Capacitors are wonderful things - They allow the release of energy at tremendous rates allowing for endless entertainment with rail-guns, spark-gaps and all sorts of pulsed power applications.
Batteries, specifically high power lithium variants, offer a continuous source of high power for relatively long periods of time. However, the pulsed power provided is nothing compared to that of a standard capacitor bank.
Super capacitors lie in between lithium batteries and capacitors in terms of capability. They exceed regular capacitors in term of energy storage, but they have nowhere near the energy storage of lithium cells. Surprisingly, super capacitors have pulsed power capability below (or near) that of both regular capacitors AND lithium cells (for my super capacitor bank, one of my equivalently sized lithium polymer batteries had 4 times the "rated" pulse power capability). Additionally, like lithium batteries, super capacitors must be connected in series and carefully charged/balanced. Finally, super capacitors have a voltage curve that is proportional to the remaining stored energy and require DC-DC converters for practical application.
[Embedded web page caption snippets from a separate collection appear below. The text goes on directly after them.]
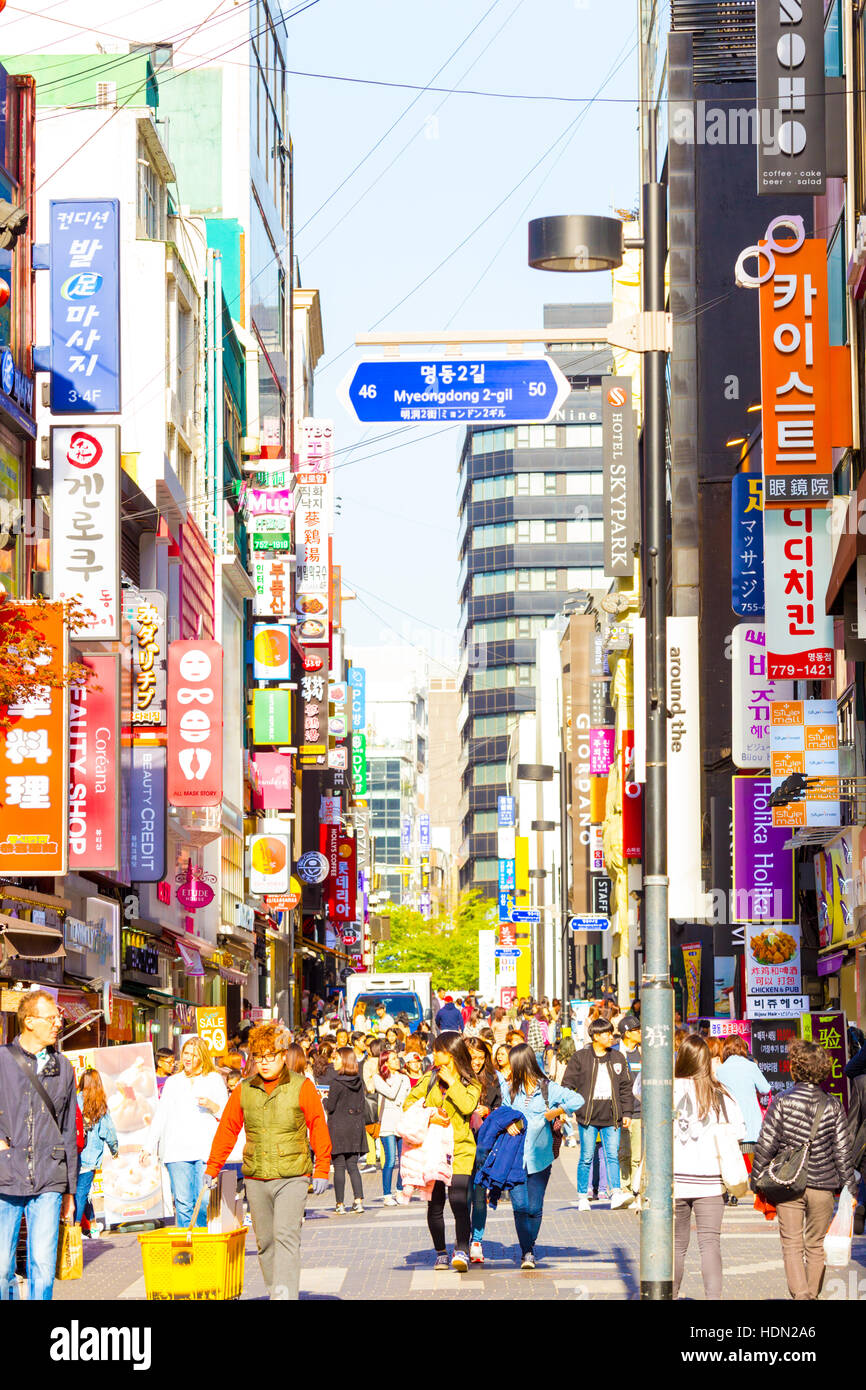Touristen zu Fuß hinunter belebten Myeongdong Fußgängerzone umgeben von Kommerzialisierung des speichert, Zeichen und überfüllt Stockfoto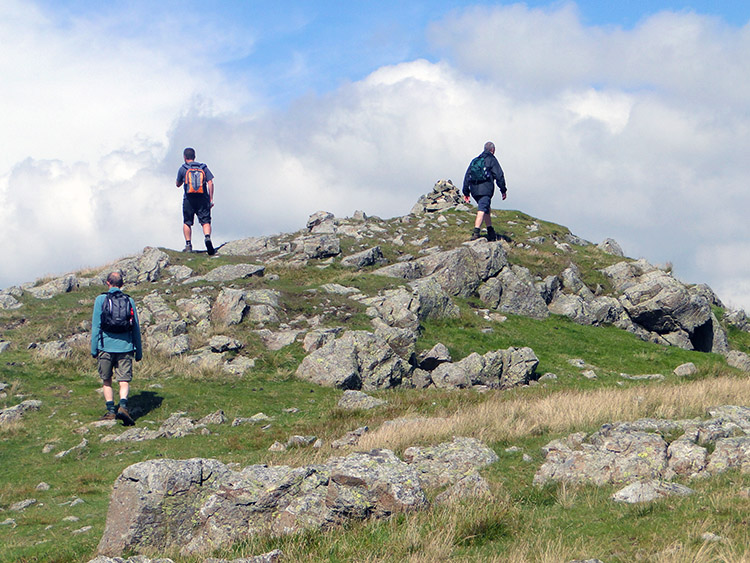 Scaling the short rocky path to Calfhow Pike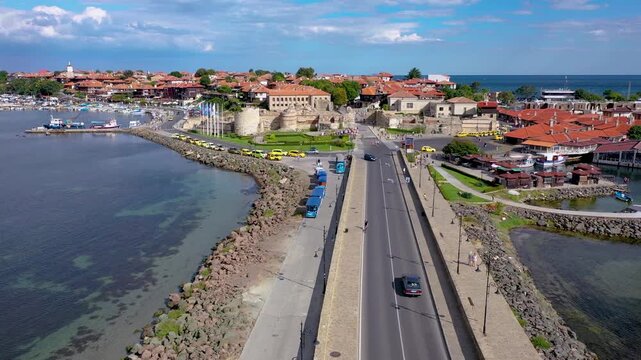 Wooden windmill on a dyke in in Nesebar historic city on Black Sea shore in Bulgaria, 4k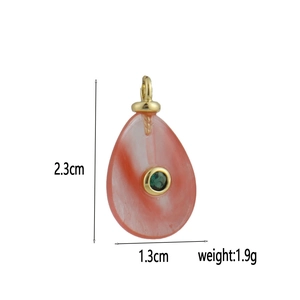 Dettaglio del ciondolo a goccia rossa con pietra verde e gancio dorato, altezza di 2,3 cm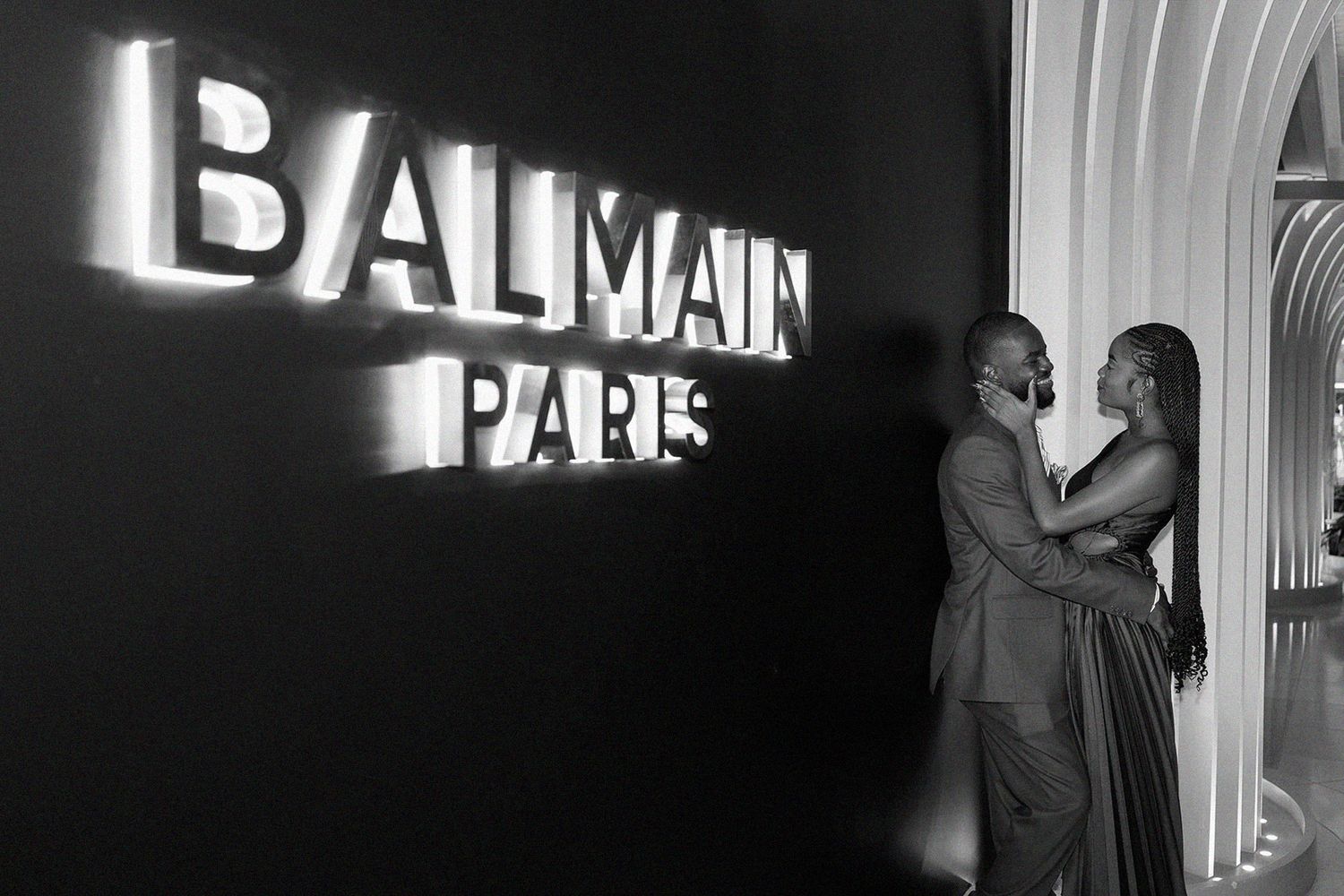 Couple embracing in black and white photo in front of illuminated Balmain Paris sign at luxury fashion event.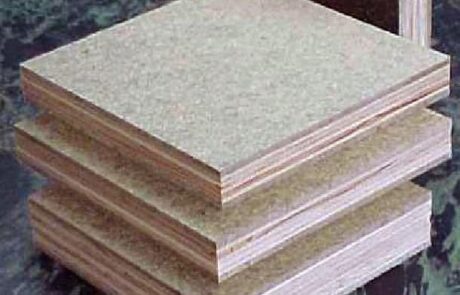 Square pieces of Tempered Hardboard laid on a surface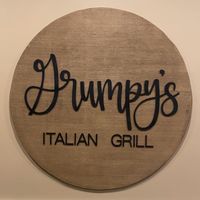 A wooden sign that says grumpys italian grill.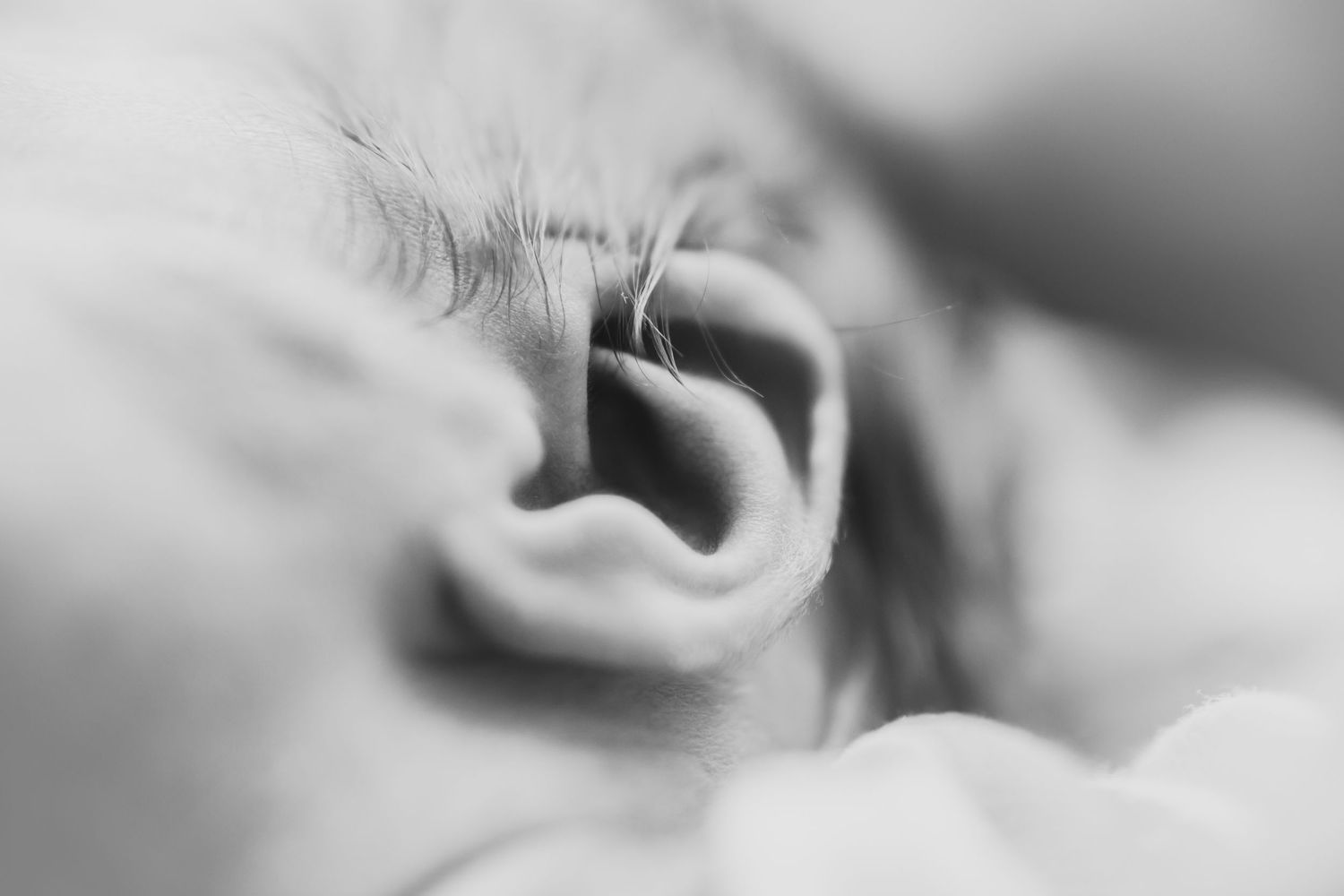 Black and white close-up of a newborn baby’s ear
HOWEVER! Super capacitors are resilient!
A super capacitor powered device lasts practically forever (compared with batteries) and is useful in rugged applications requiring a slow charge but fast discharge. An electric bicycle with a super capacitor bank would be able to charge as you ride from a motor and then give back a sizeable amount of power and energy to assist with hill climbs when required.
Looking in to this I quickly came to the realisation that charge balancing and control is a serious project. A decent charge controller would first charge the super capacitor strings with the maximum amount of current until one capacitor hits a voltage limit. From here the charge current would be reduced to whatever the attached balancing board can withstand. The balance boards in the super capacitor bank utilised only allow for a 0.8A balance. As I only implemented the balance board, my charge current is limited to 0.8A (0.6A actual) for the whole charge cycle. For my 16V super capacitor bank, this translates into a charging power of about 0-10W. What's done is done and that is the charging limit for my super capacitors.
This then leads to how the project came about. If I can only charge at a maximum rate of 10W, why not just use AA batteries instead of syphoning power from the rider through the DC motor? It’s far easier that way.
Thus, the AA electric bicycle was born.